## Task
Skip all pictures. Set down only the lines starting at the line containing "-云南巷海鲜大咖·可加工海鲜" and running to the end of the listing.

****************************************

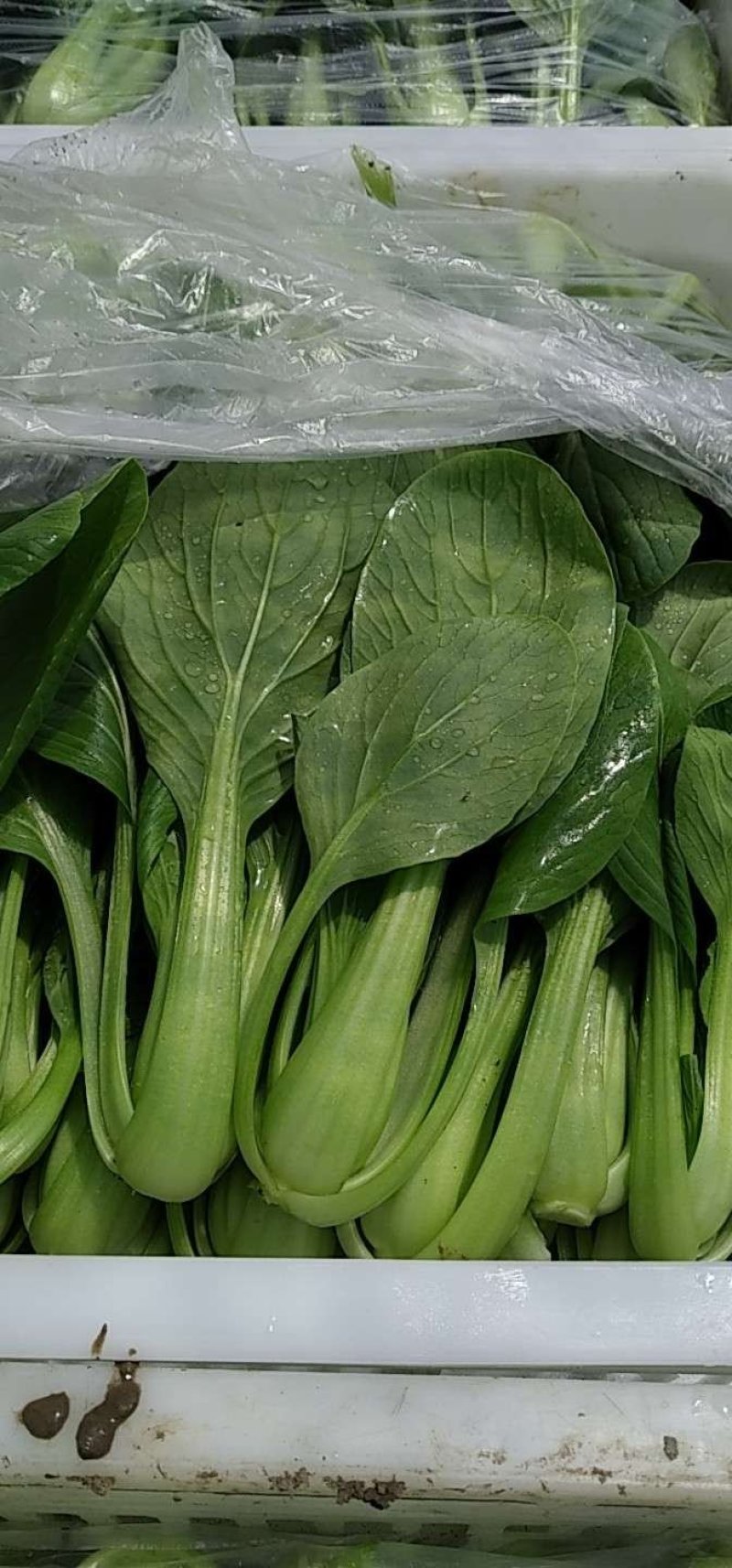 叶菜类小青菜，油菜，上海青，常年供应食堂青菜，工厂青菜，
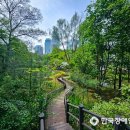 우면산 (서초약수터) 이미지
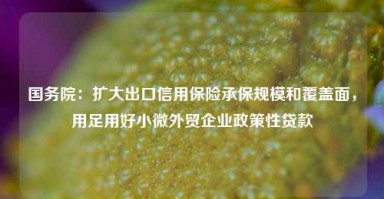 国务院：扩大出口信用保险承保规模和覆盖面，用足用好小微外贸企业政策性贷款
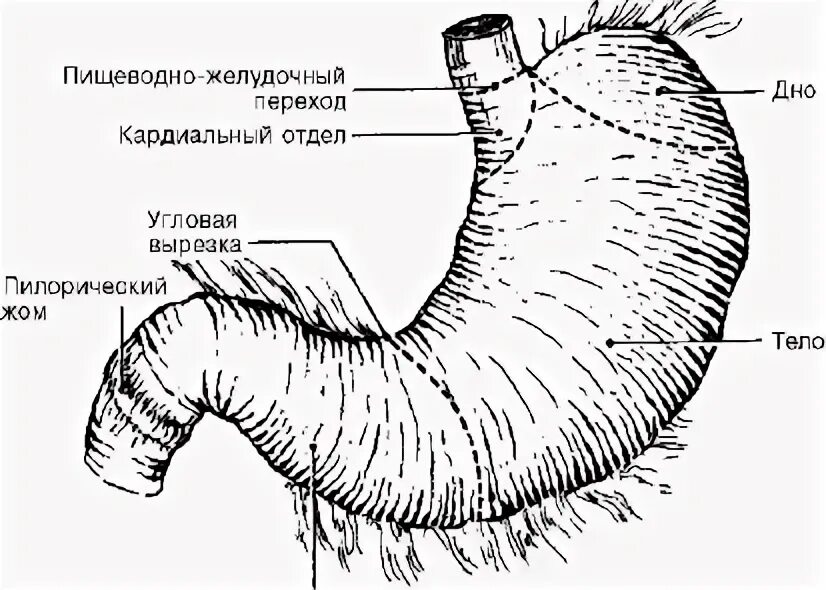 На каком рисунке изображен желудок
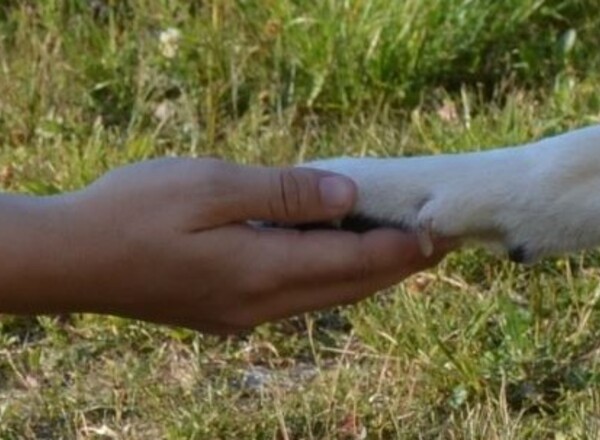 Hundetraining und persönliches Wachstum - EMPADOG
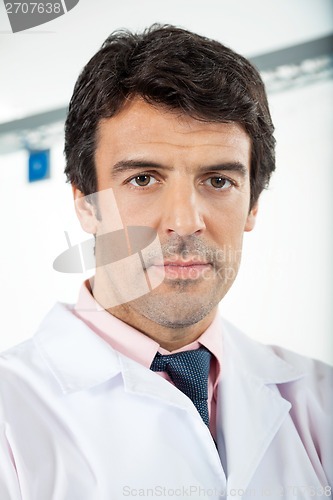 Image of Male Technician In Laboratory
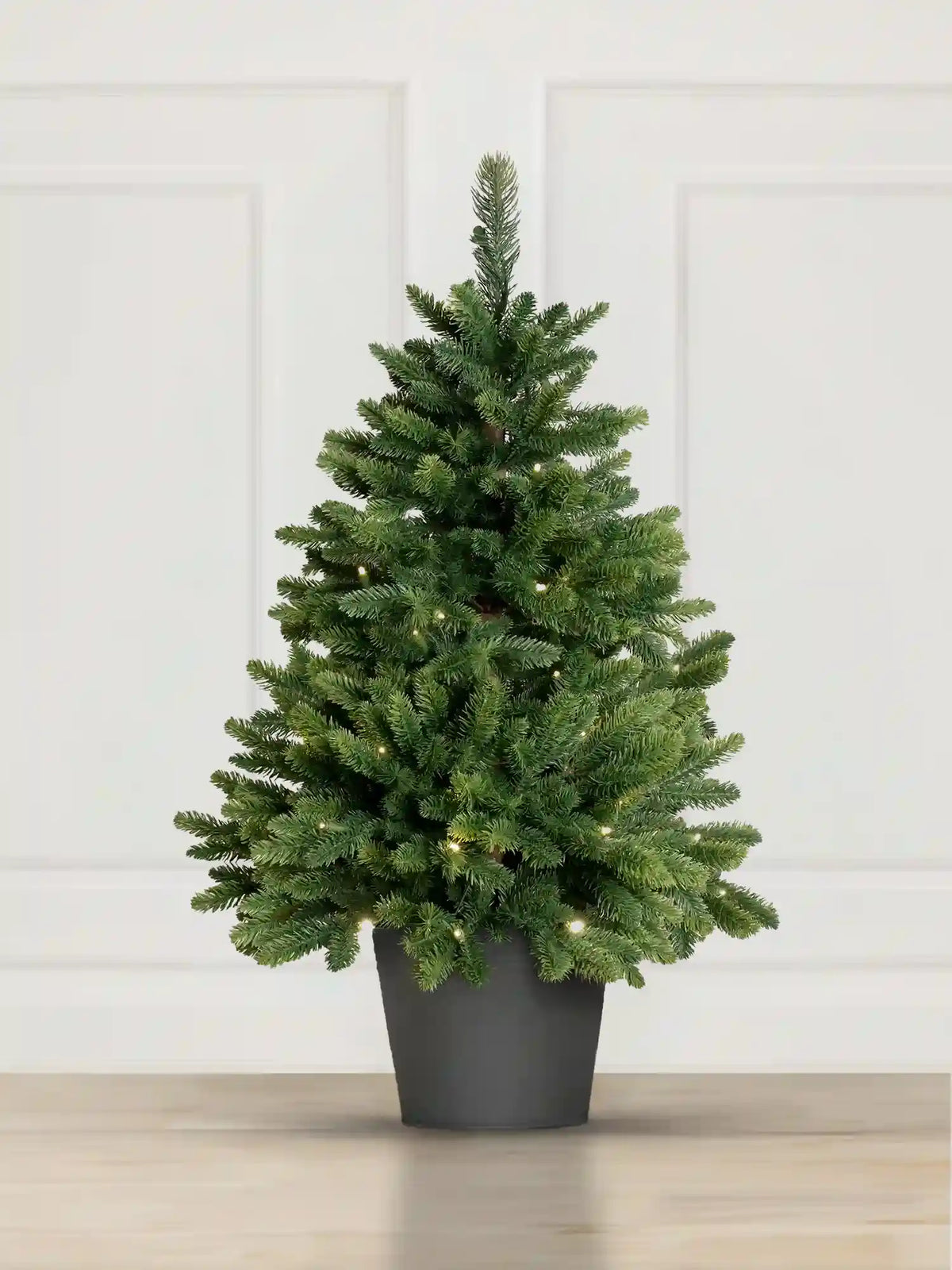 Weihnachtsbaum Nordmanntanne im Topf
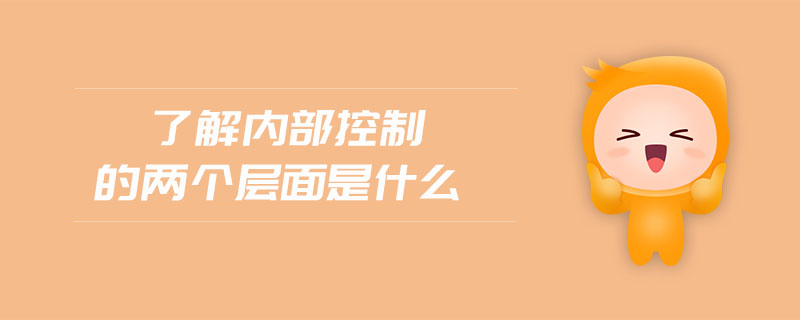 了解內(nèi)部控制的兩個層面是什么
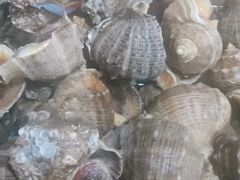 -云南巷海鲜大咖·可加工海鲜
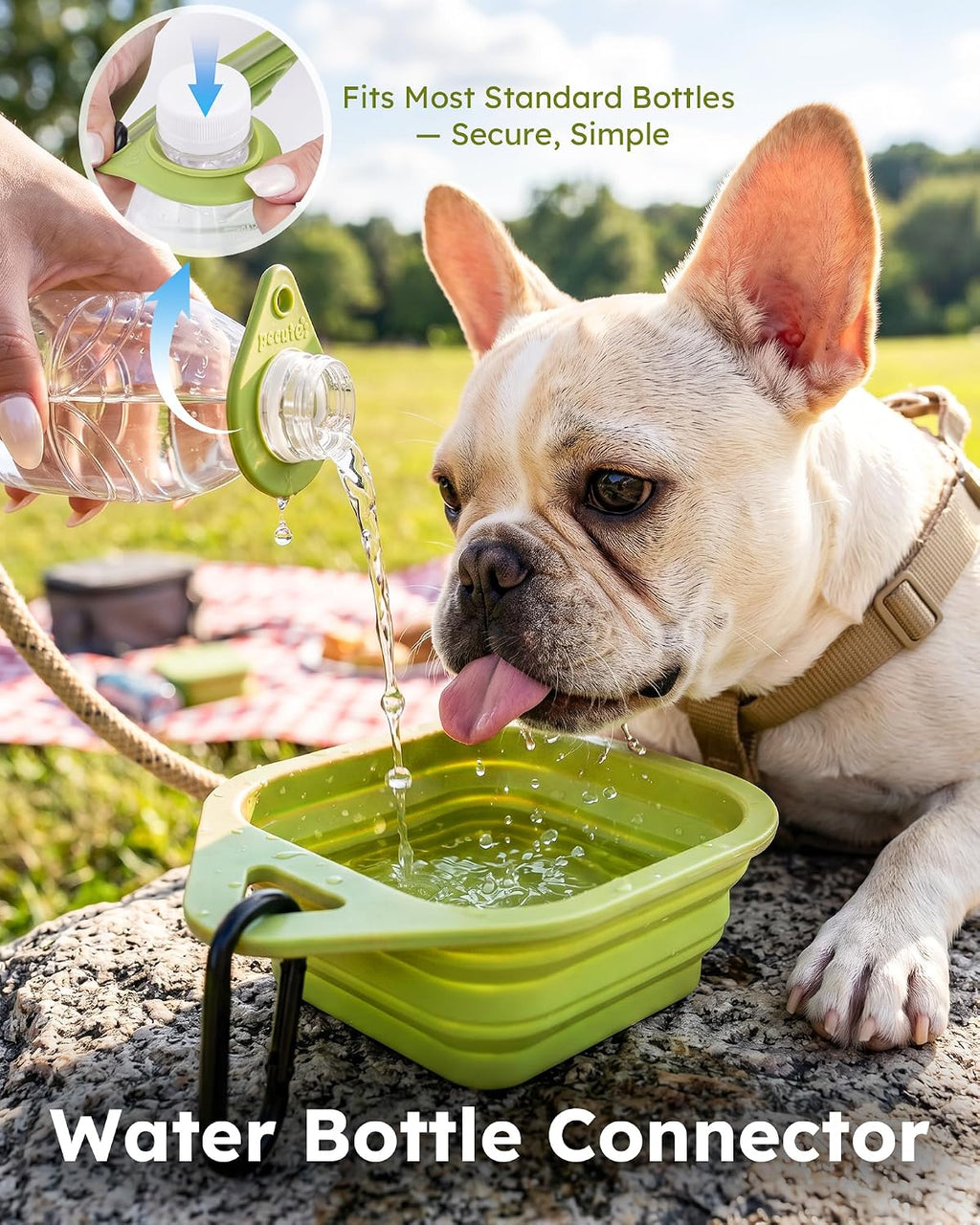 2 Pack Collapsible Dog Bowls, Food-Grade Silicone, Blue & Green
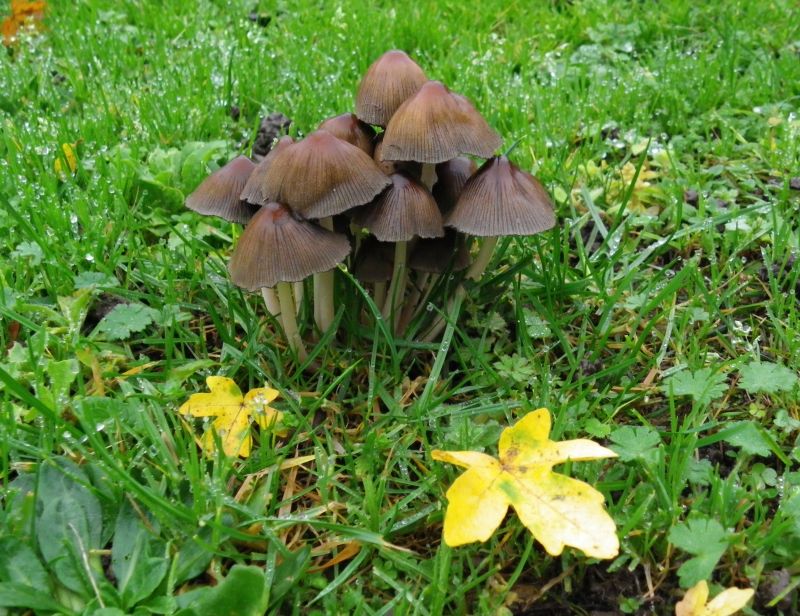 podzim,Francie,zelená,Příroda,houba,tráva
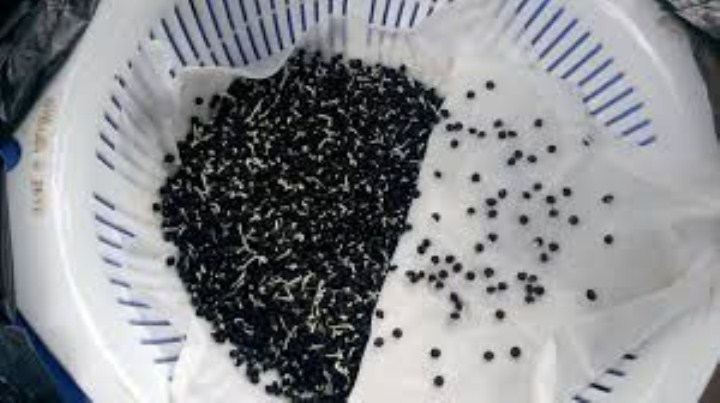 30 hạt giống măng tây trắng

****************************************

## Written response
 -云南巷海鲜大咖·可加工海鲜
 2 Pack Collapsible Dog Bowls, Food-Grade Silicone, Blue & Green
 podzim,Francie,zelená,Příroda,houba,tráva
 30 hạt giống măng tây trắng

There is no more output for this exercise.